20 Myths About Stablecoins
Have you heard these stablecoin myths?
Stablecoins have rapidly become a cornerstone of the cryptocurrency world, offering a bridge between traditional financial systems and the dynamic world of digital currencies. However, there are many myths and misconceptions about stablecoins and here we discuss the 20 most common myths.
1. Stablecoins are the same as cryptocurrencies
While stablecoins are a type of cryptocurrency, they are designed to maintain a stable value by being pegged to a reserve asset like the US dollar, unlike cryptocurrencies such as Bitcoin, which can be highly volatile.
2. Stablecoins are only used for trading
Though popular in trading, stablecoins have various uses, including remittances, payments, lending, and as a hedge against volatility in other cryptocurrencies.
3. All stablecoins are backed by fiat currency
Not all stablecoins are fiat-backed. Some are backed by other assets like commodities (gold), or even by other cryptocurrencies. Algorithmic stablecoins rely on smart contracts and algorithms to maintain their value.
4. Stablecoins are risk-free
Stablecoins reduce volatility but are not entirely risk-free. Risks include the collapse of the backing asset, regulatory changes, and smart contract vulnerabilities.
5. Stablecoins are centralized
While many stablecoins, like Tether (USDT) and USD Coin (USDC), are centralized, there are decentralized options like DAI, which operate on a decentralized protocol.
6. Stablecoins don't need regulation
Regulation is essential for stablecoins to ensure transparency, security, and consumer protection. Governments worldwide are beginning to address the regulatory needs of stablecoins.
7. Stablecoins are just for tech-savvy people
With user-friendly platforms and wallets, stablecoins are accessible to anyone, not just those with technical knowledge.
8. Stablecoins are hard to acquire
Many exchanges, accounts and protocols make it easy for business to hold stablecoins on their balance sheet.
9. Only the US Dollar can back stablecoins
Stablecoins can be pegged to various fiat currencies like the Euro, Yen, and others, broadening their appeal and utility globally.
10. Stablecoins are anonymous
Most stablecoins are not anonymous. They often comply with KYC (Know Your Customer) and AML (Anti-Money Laundering) regulations, making transactions traceable.
11. Stablecoins are not affected by market conditions
Stablecoins aim to maintain stability, but they can still be influenced by broader market conditions, especially those affecting their underlying assets.
12. Stablecoins are only for big transactions
Stablecoins are used for transactions of all sizes, from micro-payments to large transfers, making them versatile in various financial scenarios.
13. Using stablecoins is expensive
Transaction fees for stablecoins are generally lower compared to traditional banking systems, especially for cross-border transactions like those provided by Conduit.

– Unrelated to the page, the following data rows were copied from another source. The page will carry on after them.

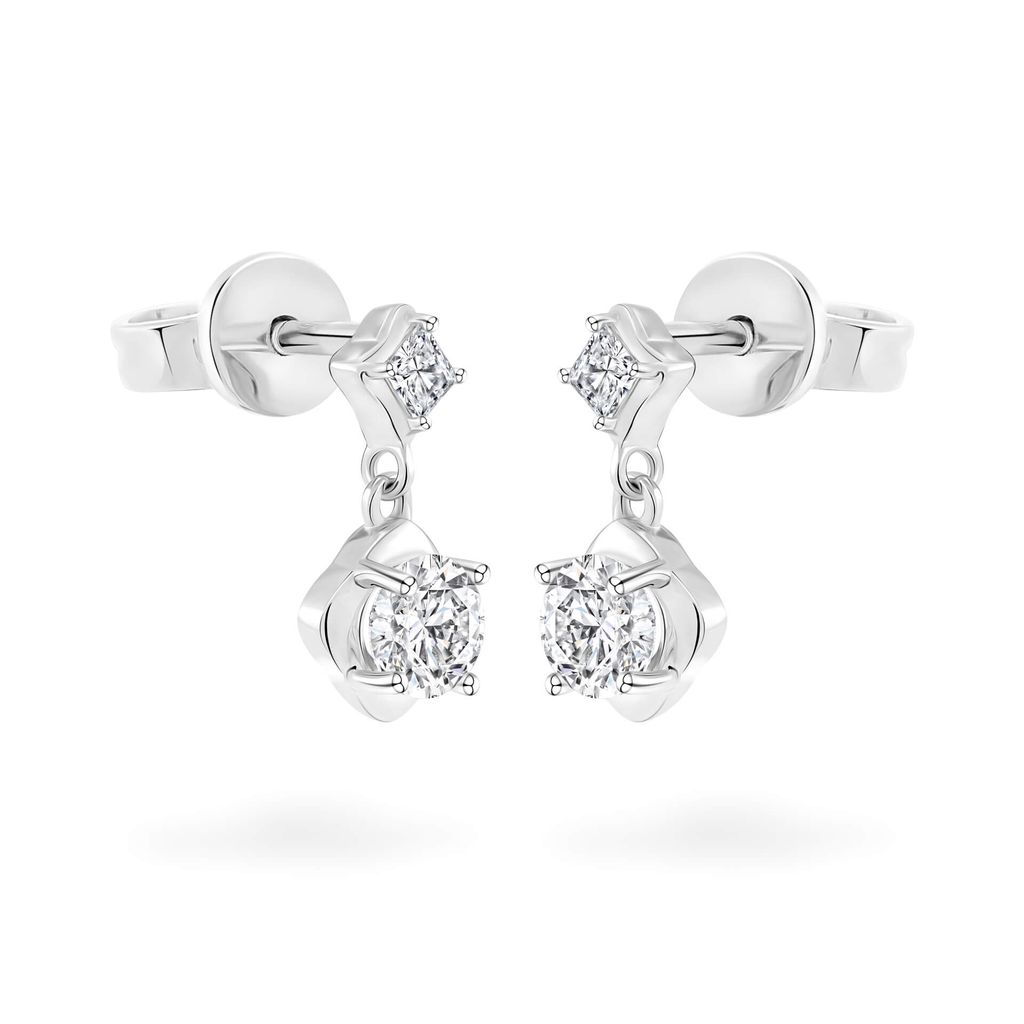 Hoa tai vàng trắng 14K gắn đá CZ DOJI AFEJ000502F2CZ1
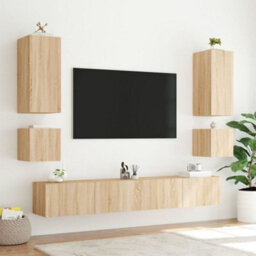 Berkfield Durable Tv Wall Cabinet With Led Lights Sonoma Oak 100X35X41 Cm - thumbnail 6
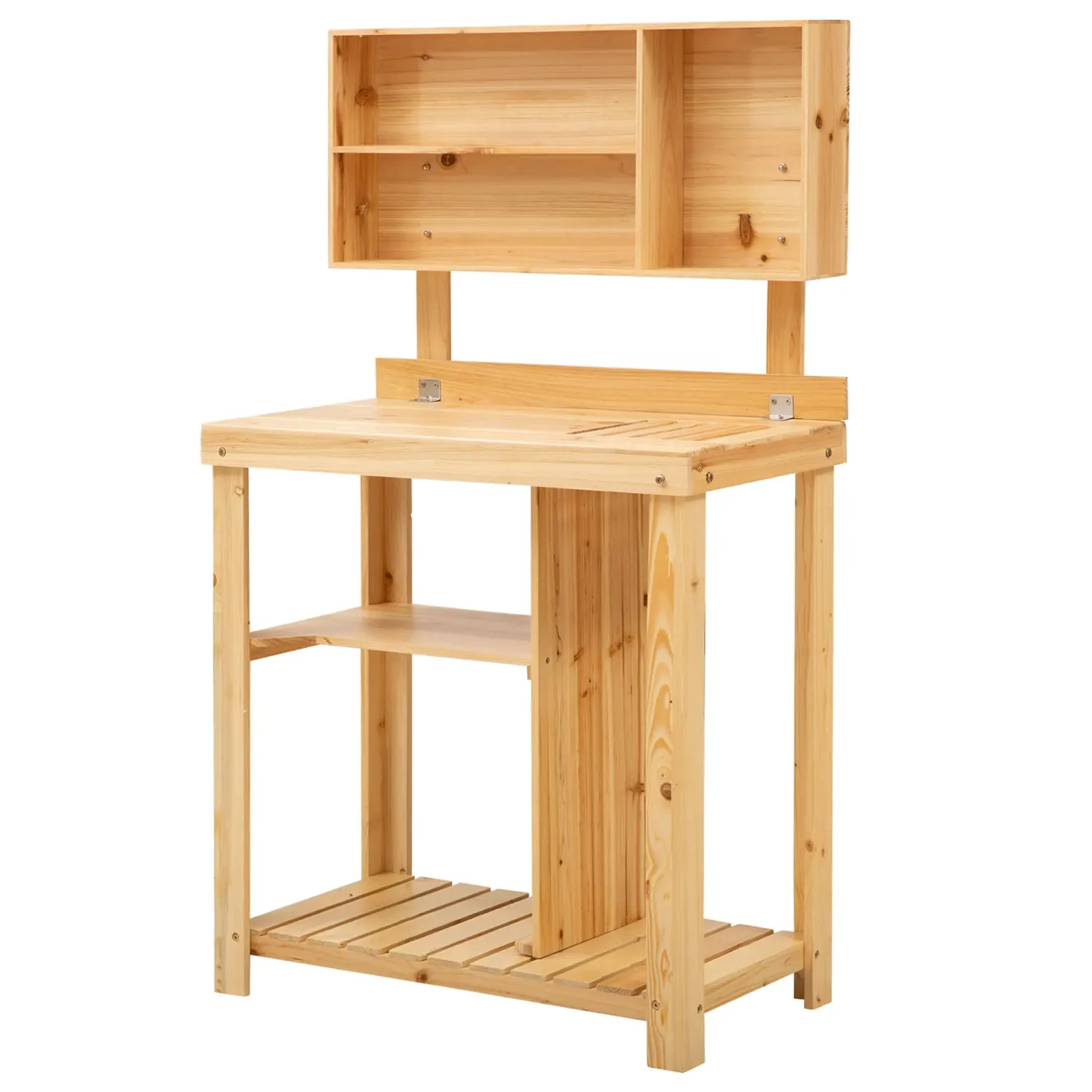 Pflanztisch Gartenarbeitstisch für Garten Balkon und Terrasse, Gartentisch mit Ablage, Blumenregal Blumenständer aus Tannenholz, 80 x 43 x 136,5 cm, Natur
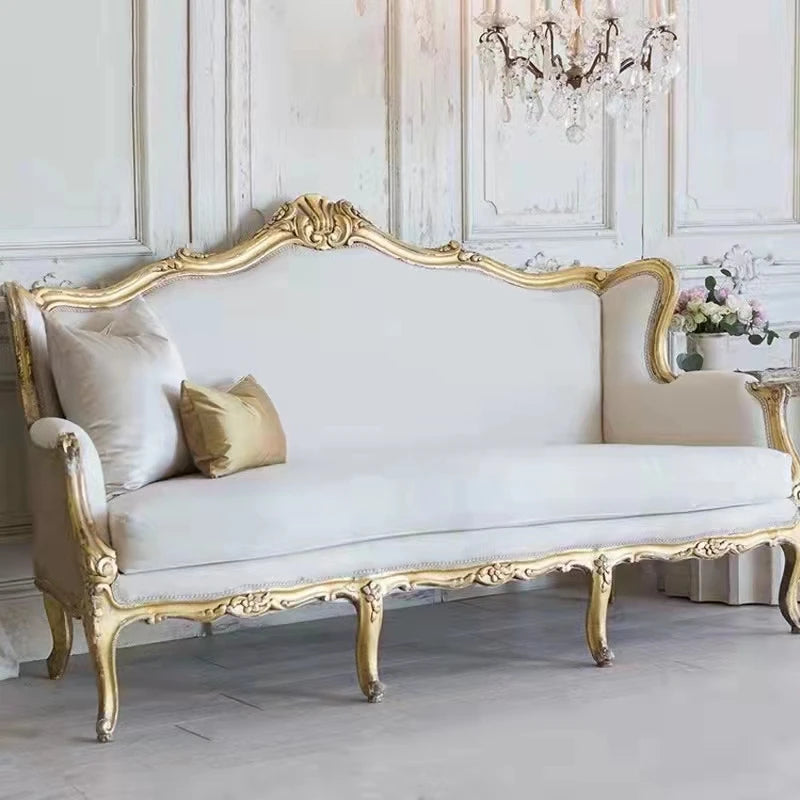 HLZ solid wood sofa three-person small apartment living room European light luxury combination furniture retro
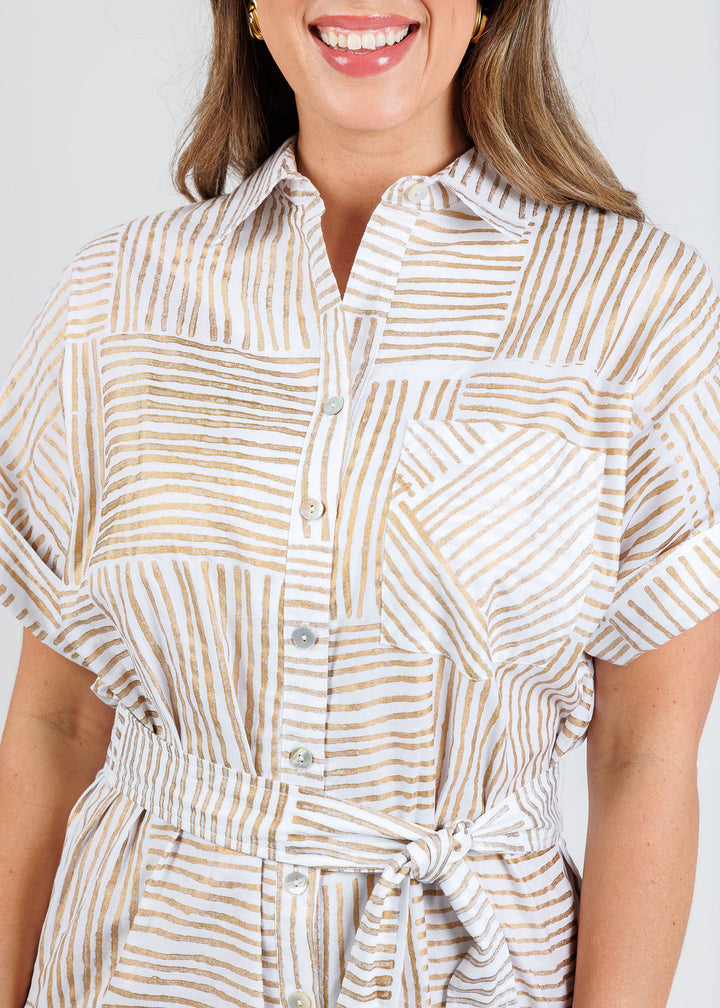 Finley Reese Mended Block Stripe Dress in Gold available at Barbara Katz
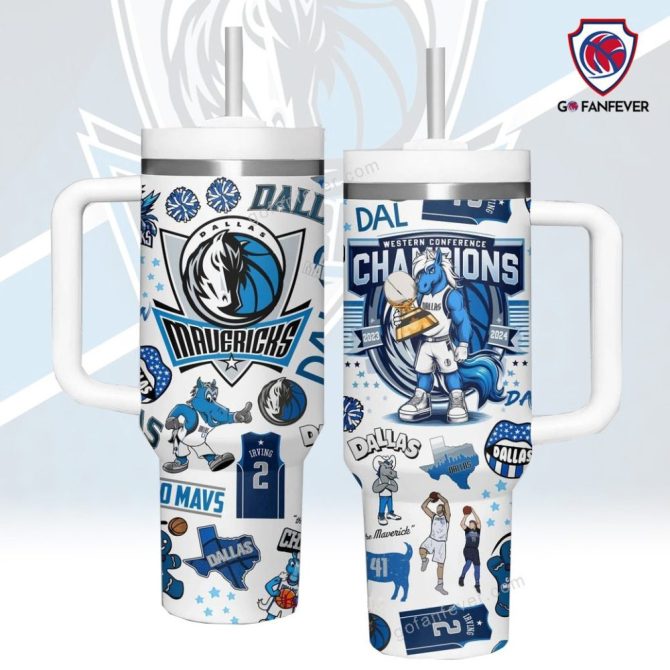 Dallas Mavericks Nba Custom Stanley Quencher 40Oz Stainless Steel Tumbler With Handle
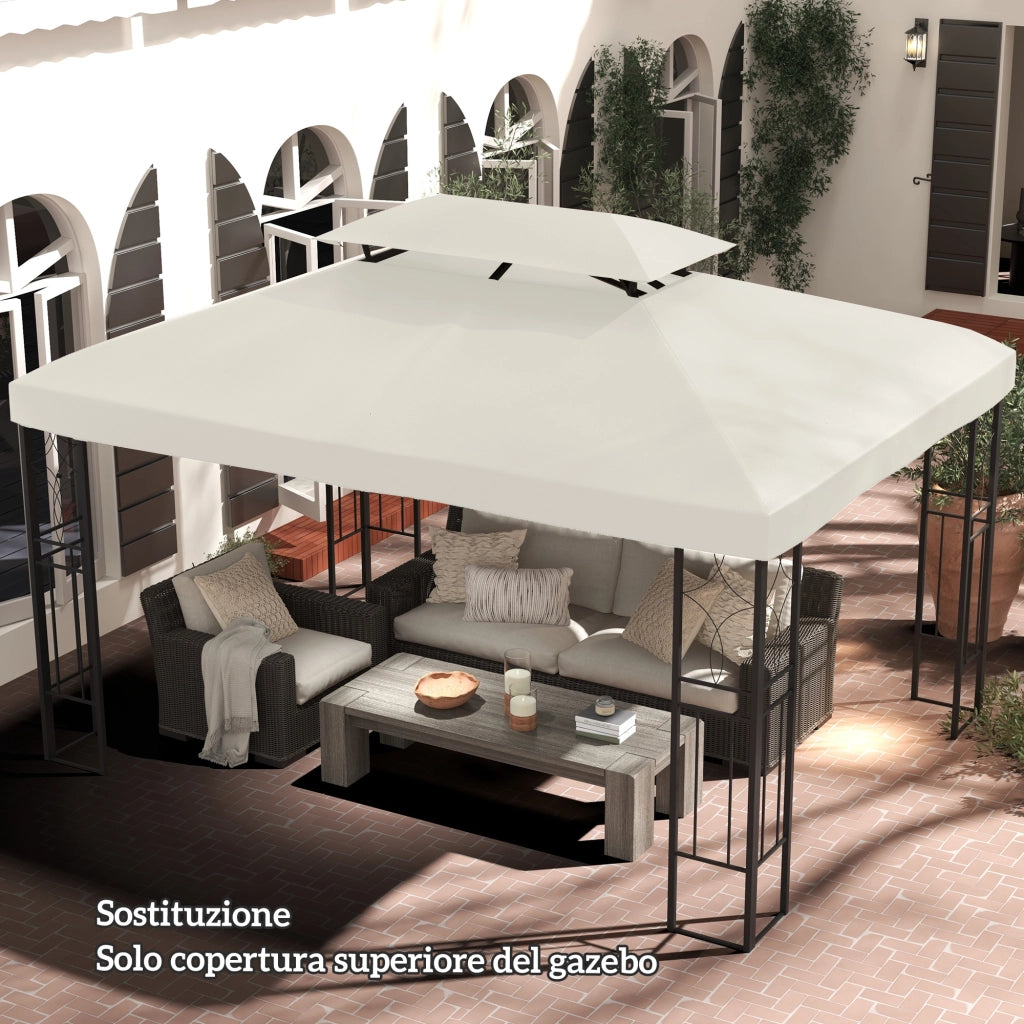 Copertura per Gazebo da Giardino Tetto Sostitutivo Anti-UV Impermeabile in Poliestere 3x4m. Beige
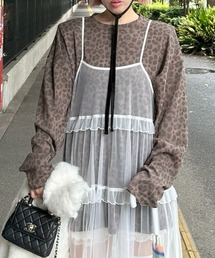 レオパード柄肩パッド付きBIGロゴロンT
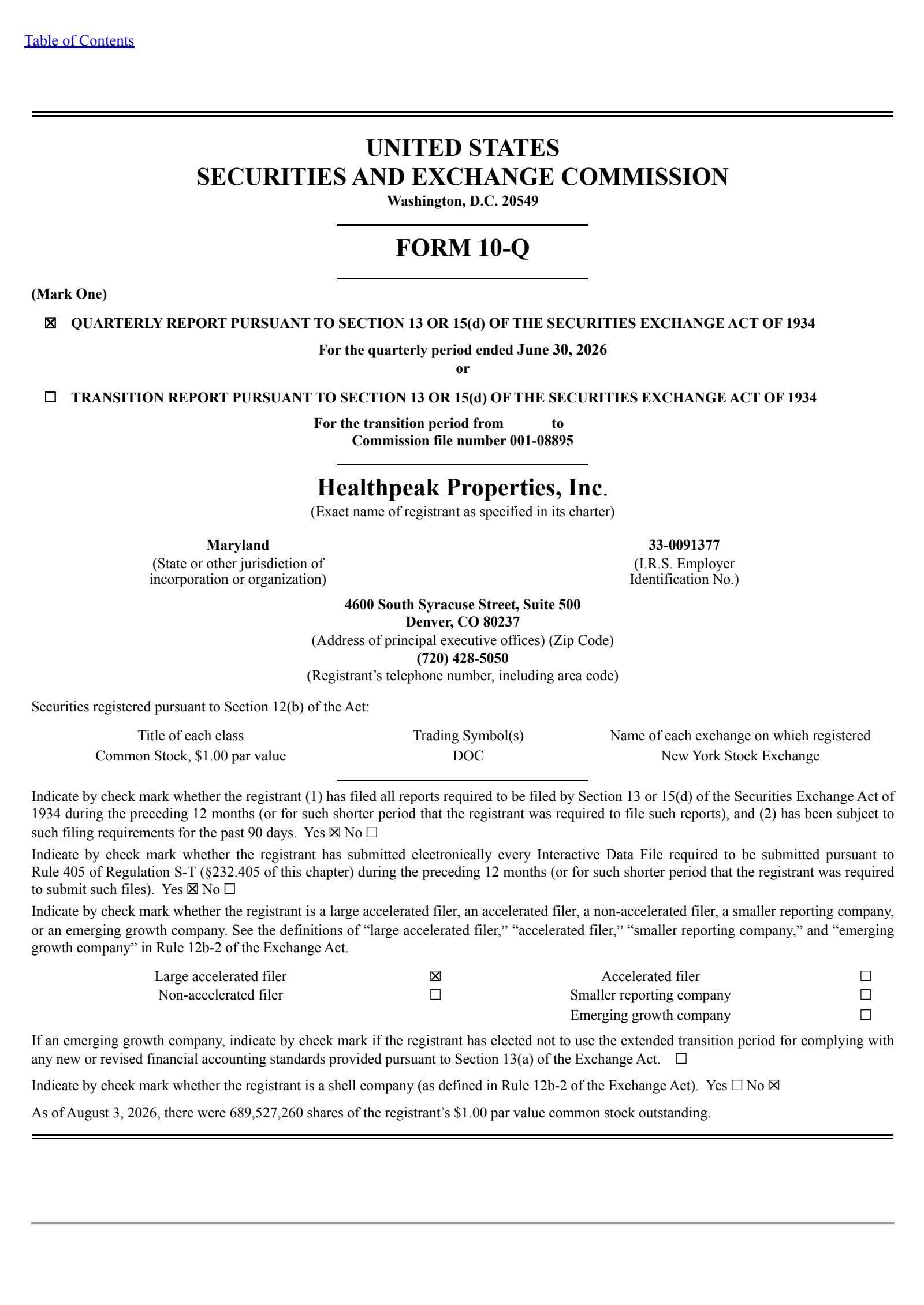 Healthpeak Properties' Q2 2026 Quarterly report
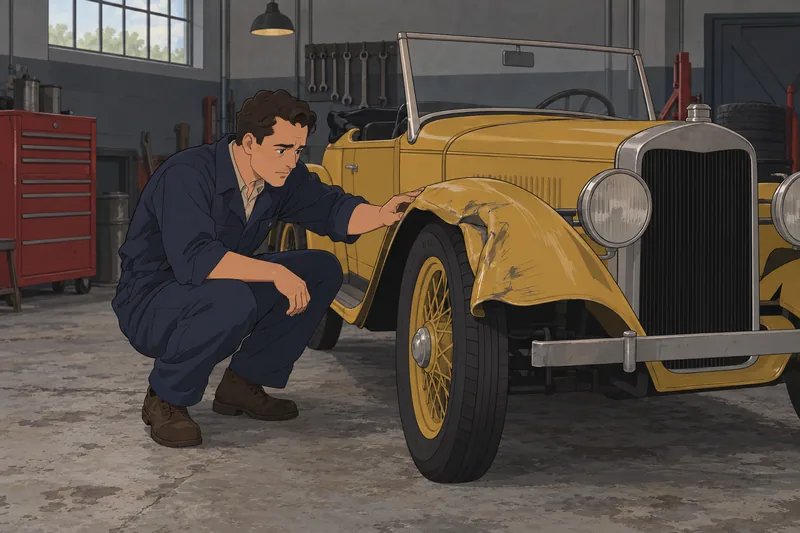 Great Gatsby Chapter: mechanic checks a damaged car.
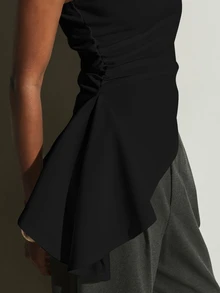 KSTM One Shoulder Asymmetric Ruched Top With Draped Peplum Hem Party Night Out Spring Summer Occasion Wear - Black - View 4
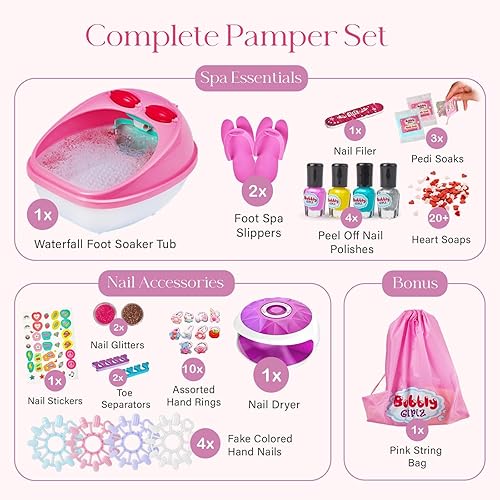 Miniatura 3 de Kit de día de spa para niños, más de 42 piezas de juguetes de spa con spa de pies en cascada, kit de spa de uñas, accesorios de pedicura y manicura,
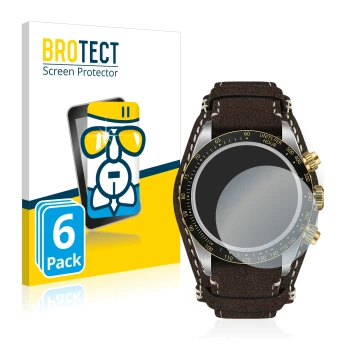 Parte frontal de un envase de producto con el logotipo de la marca BROTECT. Al lado se muestra el dispositivo Tudor Black Bay 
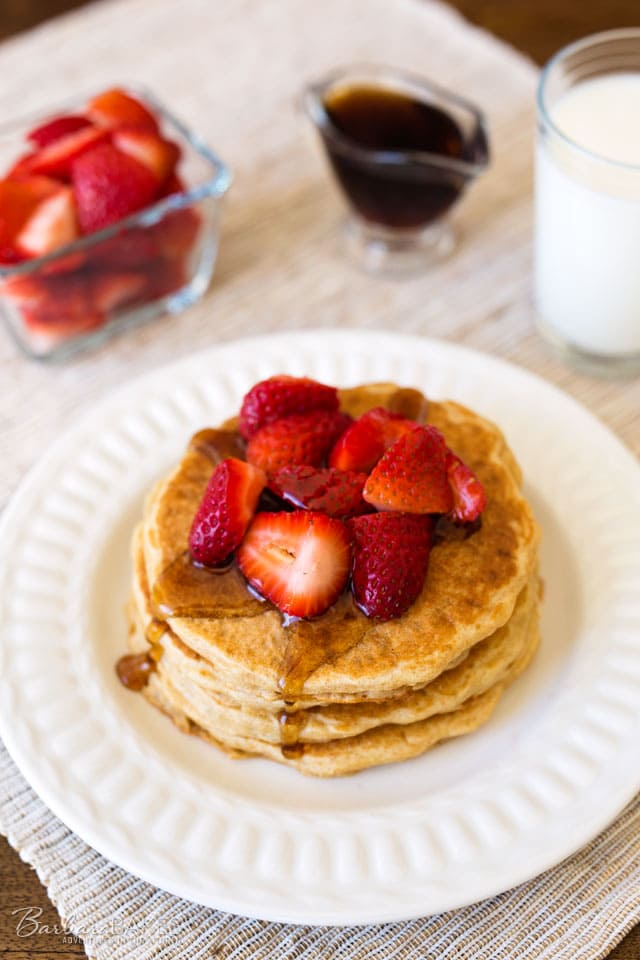These Whole Wheat Sourdough Blender Pancakes are light and fluffy sourdough pancakes made with whole wheat pastry flour.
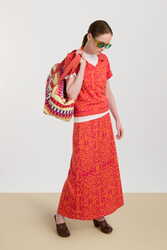 theresa skirt--damask design orange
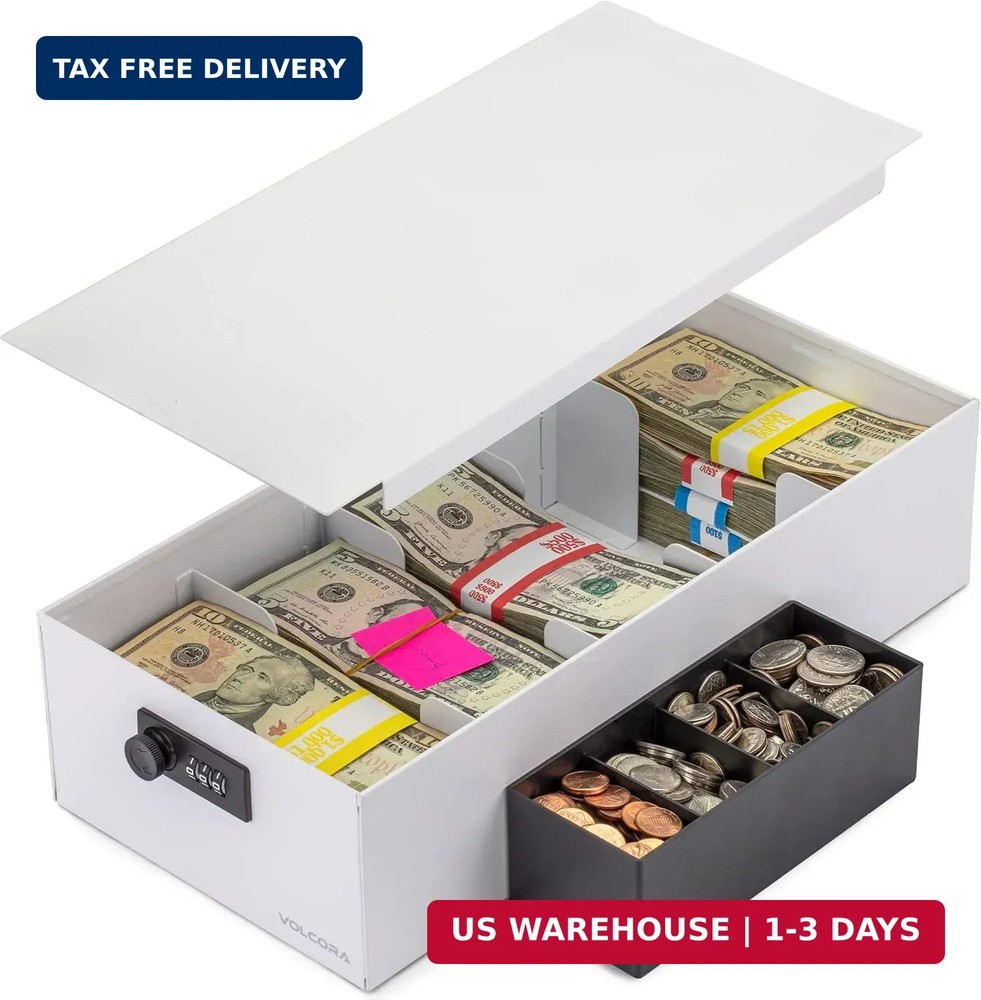 Volcora Cash Box Money Organizer – 15″ x 7.5″ x 4″ Cashbox 5 Compartments Drawer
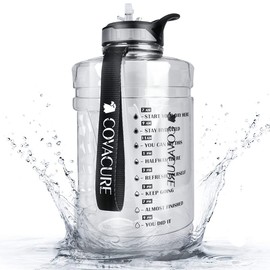 COVACURE Sports Water Bottle, 2.2 L / 3.78 L Water Bottle, Large Sports Bottle, BPA-Free, Leak-Proof, for Fitness, Gym, Home, Office, Outdoor (Blue and Transparent) (2.2 L, Transparent with Straw)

14. Stablecoins are inherently inflated
Stablecoins reflect the value of their underlying asset. If the pegged currency (like USD) is subject to inflation, the stablecoin will reflect that inflation.
15. Stablecoins have no interest
Some platforms offer interest-bearing accounts for stablecoins, allowing users to earn interest similarly to traditional savings accounts.
16. Stablecoins can't be hacked
While stablecoins themselves might not be directly hacked, the platforms and smart contracts they operate on can be vulnerable to cyber-attacks.
17. Stablecoins Are a Passing Trend
The demand for stablecoins is growing, and their use cases are expanding, suggesting they are here to stay as a significant part of the financial ecosystem.
18. All Stablecoins Are the Same
Stablecoins differ in their underlying assets, technology, and stability mechanisms. It’s essential to understand these differences when choosing a stablecoin.
19. Stablecoins cannot be integrated with DeFi
Stablecoins are integral to the Decentralized Finance (DeFi) ecosystem, providing liquidity and stability for various DeFi applications.
20. Stablecoins offer no privacy
While stablecoins offer less privacy than some cryptocurrencies, there are privacy-focused stablecoins in development that aim to provide enhanced privacy features.
The truth about stablecoins
Stablecoins are transforming the financial landscape, offering stability and new opportunities in the digital economy. Understanding the common myths about stablecoins can help users make informed decisions and better appreciate their potential. Whether used for trading, payments, or as part of the decentralized finance ecosystem, stablecoins offer a versatile and valuable tool in the world of digital currencies.